#### [TASK]
The answer must be an exact copy of the records, with every picture left out.

---- SUPPLIED DATA

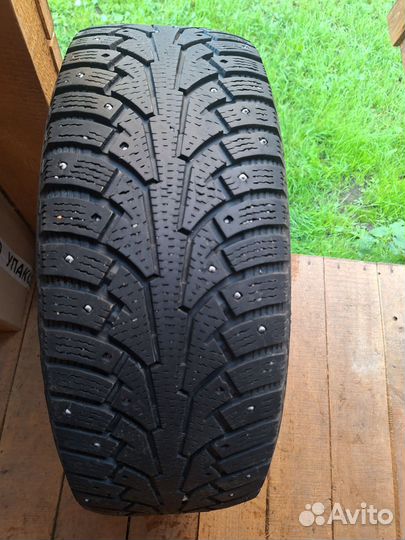 Nordman Nordman + 225/60 R17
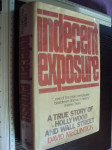 Indecent exposure - David McClintick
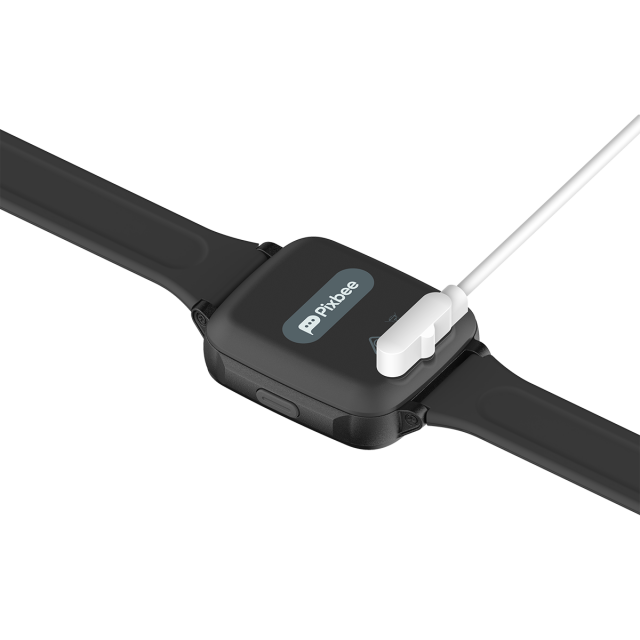 PIXBEE CHARGING CABLE FOR KIDS SMART WATCH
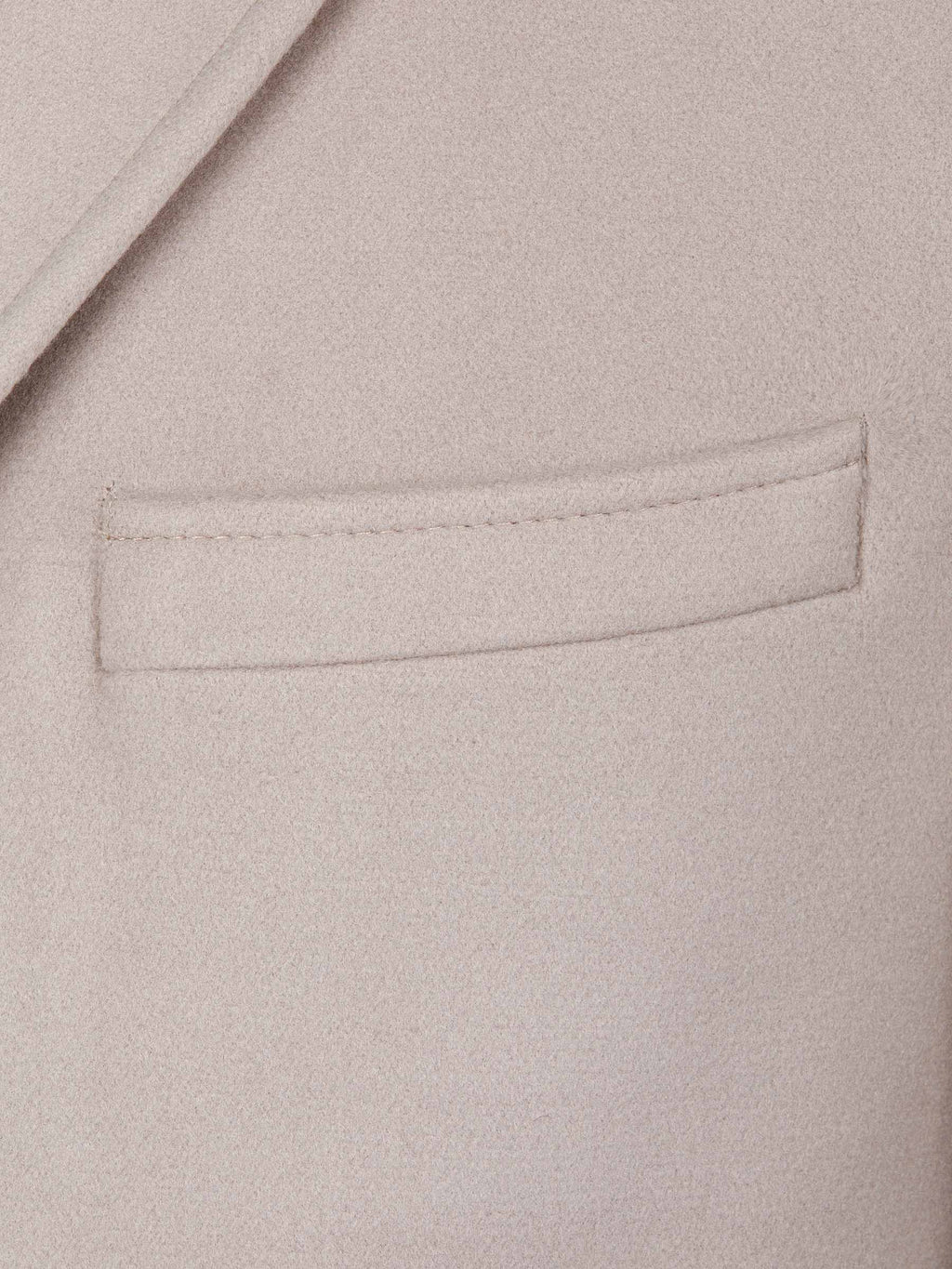 Camelot Trenchcoat mit Schiebetasche, beige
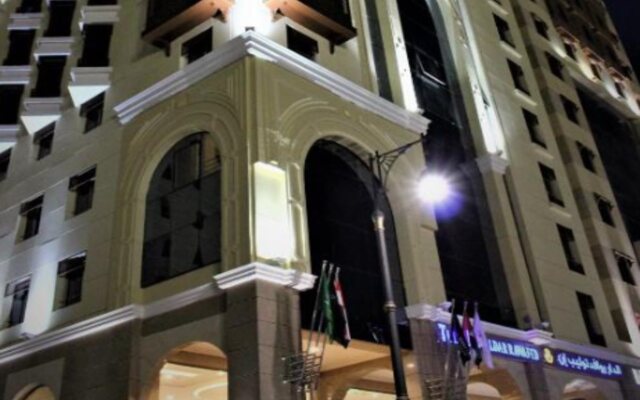 فندق الدار روافد توليب إن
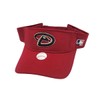 Arizona Diamonbacks Adjustable Visor Black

--------

#### [EXERCISE RESULT]
 Nordman Nordman + 225/60 R17
 Indecent exposure - David McClintick
 PIXBEE CHARGING CABLE FOR KIDS SMART WATCH
 Camelot Trenchcoat mit Schiebetasche, beige
 فندق الدار روافد توليب إن
 Arizona Diamonbacks Adjustable Visor Black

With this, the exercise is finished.